Similarly, in the figural interpretation of the relation between the ancient Passover and the new Christian Passover (Pascha) inaugurated through Christ’s death, the second-century bishop Melito of Sardis indicates how Jesus’s passion was adumbrated not only in the events of Israel’s Passover but in vivid narrative types throughout the Hebrew Scriptures:

For indeed the law has become word,and the old new…and the commandment grace,and the model (typos) reality (alêtheia),and the lamb a Son,and the sheep a Man,and the Man God…

He is the Pascha of our salvation.It is he who in many endured many things:It is he that was in Abel murdered,and in Isaac bound,and in Joseph sold,and in Jacob exiled,and in Moses exposed,and in the lamb slain,and in David persecuted,and in the prophets dishonoured.(Sermon on Pascha 7, 69; trans. Hall 1979:5, 37)

The intelligibility of the connection between types and antitypes in Melito’s sermon rested not on natural historical correspondences but on their mutual orientation to a higher comprehending truth. Even if Melito and other early Christian apologists wanted to suggest that such correspondences were self-evident, it required the lens of the Christian rule of faith truly to make sense of them. What Melito calls the “reality” (alêtheia) seems at first sight to represent a simple hermeneutical closure, whereby the typos gives way to a superior event (antitype) within the forward advance of salvation history. More than once, Melito refers to the type being rendered obsolete or perishable by its superior antitype. And yet there can be no “fulfillment” without referring both type and antitype to a larger, overarching economy, what Origen later called the “Eternal Gospel” (On First Principles 3.6.9; 4.3.13; see de Lubac 2007 , pp. 247–259). Within this scheme, the integrity of the typos, the original historical referent, was guaranteed, and its original sense, though rendered “useless,” could not be utterly evaporated since type and reality each has its “proper season” (Melito, On Pascha 37–38). But in the unfolding divine plan a type had always to yield to a horizon of new significance.
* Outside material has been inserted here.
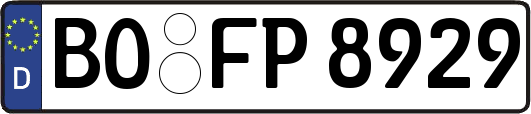 BO-FP8929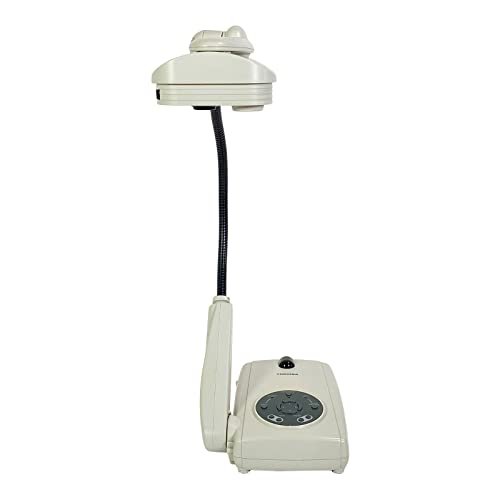 Toshiba TLP-C001 3MP Document Camera with 22-Inch Gooseneck Arm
“Spiritual” Interpretation and the Negotiation of Scripture’s Literal Sense.

For Origen and other patristic devotees of the Alexandrian hermeneutical tradition, that horizon of new significance was boundless, since the mystery of Christ, the reality of realities, was infinitely polyvalent. Indeed, Origen says, the scriptures provide the primary launching-points for knowledge of divine things, but “once they have been accurately understood, we must go from them up to Jesus, that he may grant us the spring of water that leaps unto everlasting life (John 4:14)” (Comm. on John 13.5.37). The mature Christian must transcend not only the literal sense of texts but all “types, shadows, and indications” (Comm. on John 13.24.146) en route to the higher revelation intimately communicated to the soul or to the church by Christ himself—a theme Origen prolifically develops in his Commentary and Homilies on the Song of Songs. Since, however, all revelation is accommodated through the constraining features of human discourse, those features have to be relentlessly analyzed. Precisely in negotiating the “letter” (gramma; littera) of scripture, or in exploring the “thickness” or complexity of the mimetic relation between a scriptural type and its fulfilling truth, Origen and his heirs moved into the terrain of various forms of “spiritual” interpretation aimed at uncovering moral (tropological), doctrinal (allegorical), and mystical (anagogical) dimensions of biblical texts. Here, indeed, typology gave way to multiple senses, a legacy of Origen that endured in medieval exegesis (see de Lubac 2007, pp. 159–171; de Lubac 1998, 2000). In his homily on Noah’s ark (Hom. 2 in Gen.), for example, Origen works with the basic typological correspondence between the ark and the church as vessels of salvation, with Christ as the “spiritual Noah;” but he discerns in those connections all manner of symbolic and allegorical nuances as well. The dimensions and tiered decks of the ark, scaled to humans and beasts, bespeak the diversity of persons in the church and the hierarchy of ascent from immaturity to maturity in the faith. Indeed, the decks signal the different levels of spiritual interpretation, with all readers called to ascend from lower to higher insights.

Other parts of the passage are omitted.